- [SOURCE DATA]
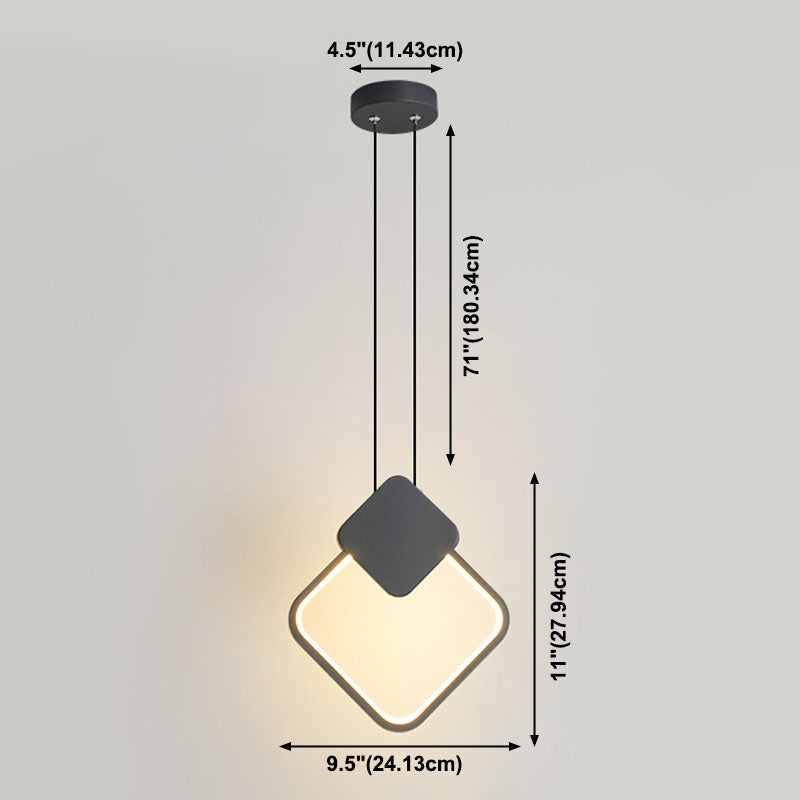 Iluminación colgante lineal minimalista, luz colgante de metal y acrílico para sala de estar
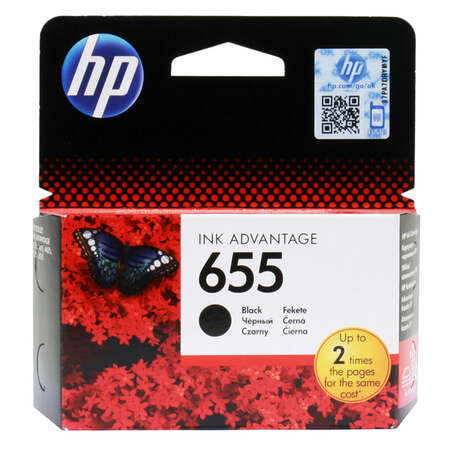 Картридж HP CZ109AE №655 Black для DJ IA 6525/5525/4625/4615/3525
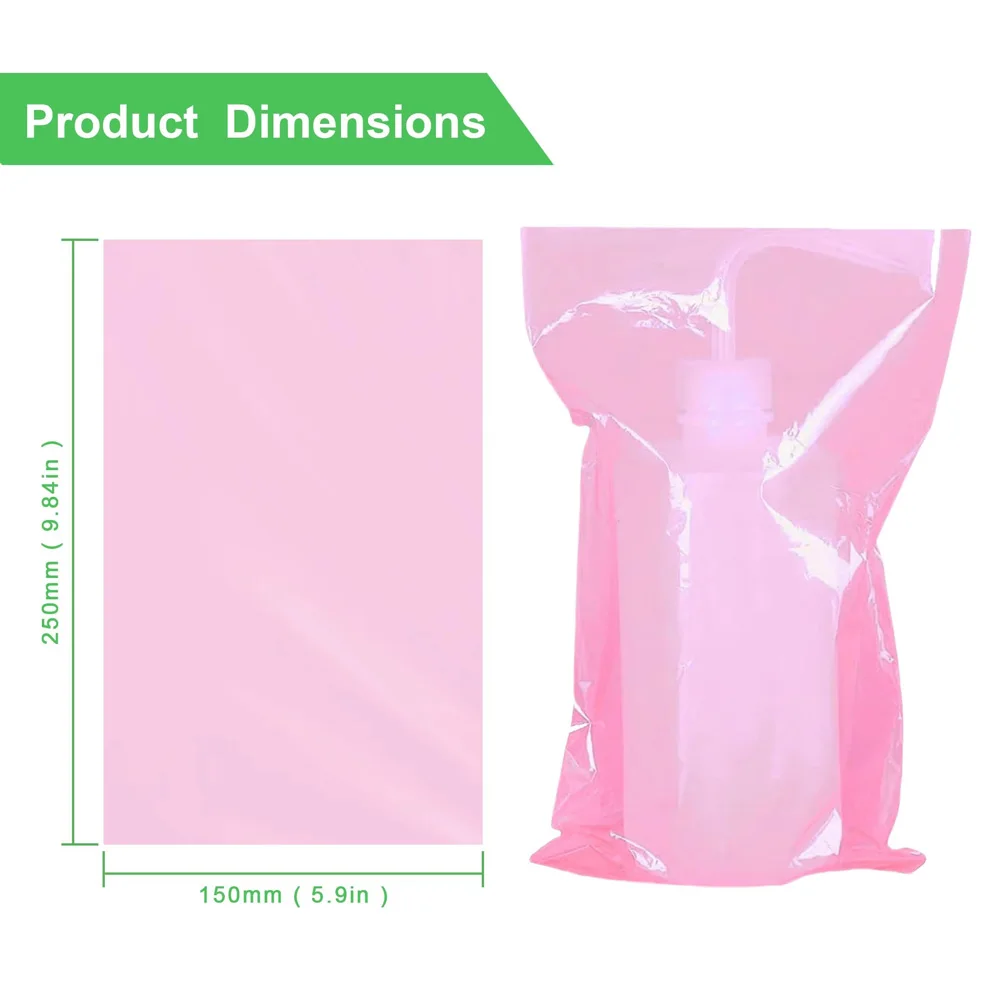 250 قطعة JCONLY الوشم غسل أكياس الزجاجات غسل الزجاجات يغطي زجاحة ضغط الأكمام أكياس نظيفة لحماية زجاجة الوشم الملحقات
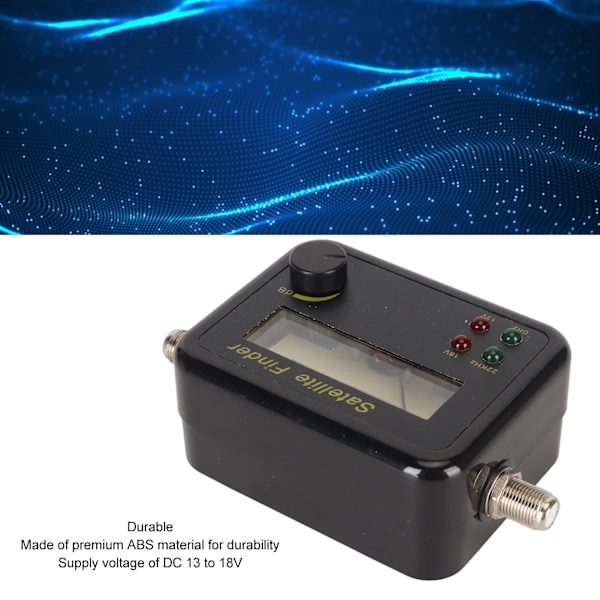Bærbar SAT-finder - Digital satellitfinder med LNB til REC-stik til detektering - Justeret C Ku-bånd DB-niveaukontrol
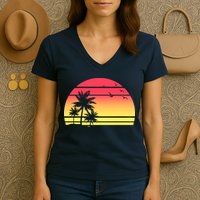 Summer Sunset Women's V-Neck T-Shirt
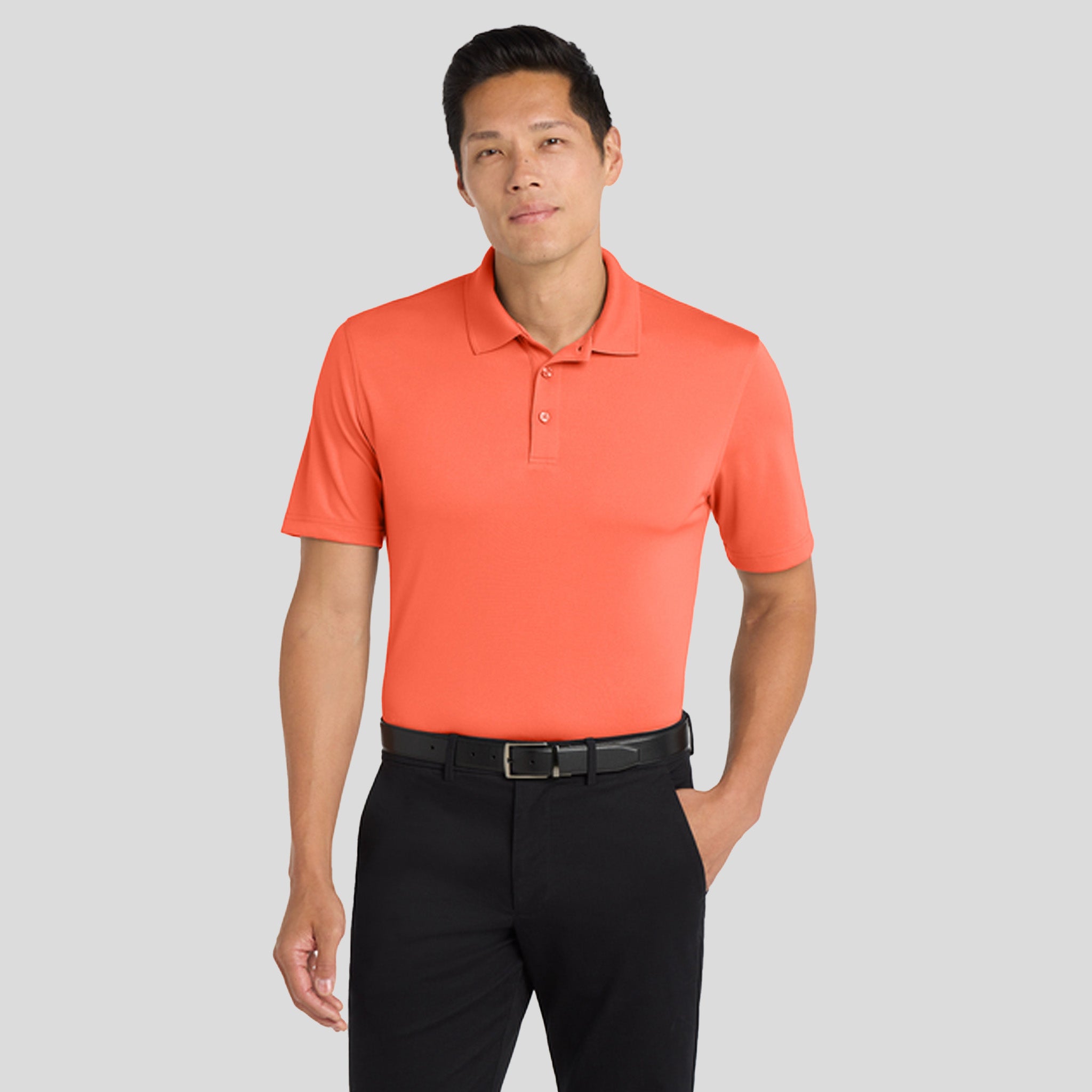 Dry Zoneยฎ UV Micro-Mesh Polo | Coral Splash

- [PROBLEM] Transcribe the whole listing exactly. Pictures stay out of your copy.

- [WRITTEN RESPONSE]
 Iluminación colgante lineal minimalista, luz colgante de metal y acrílico para sala de estar
 Картридж HP CZ109AE №655 Black для DJ IA 6525/5525/4625/4615/3525
 250 قطعة JCONLY الوشم غسل أكياس الزجاجات غسل الزجاجات يغطي زجاحة ضغط الأكمام أكياس نظيفة لحماية زجاجة الوشم الملحقات
Bærbar SAT-finder - Digital satellitfinder med LNB til REC-stik til detektering - Justeret C Ku-bånd DB-niveaukontrol
 Summer Sunset Women's V-Neck T-Shirt
 Dry Zoneยฎ UV Micro-Mesh Polo | Coral Splash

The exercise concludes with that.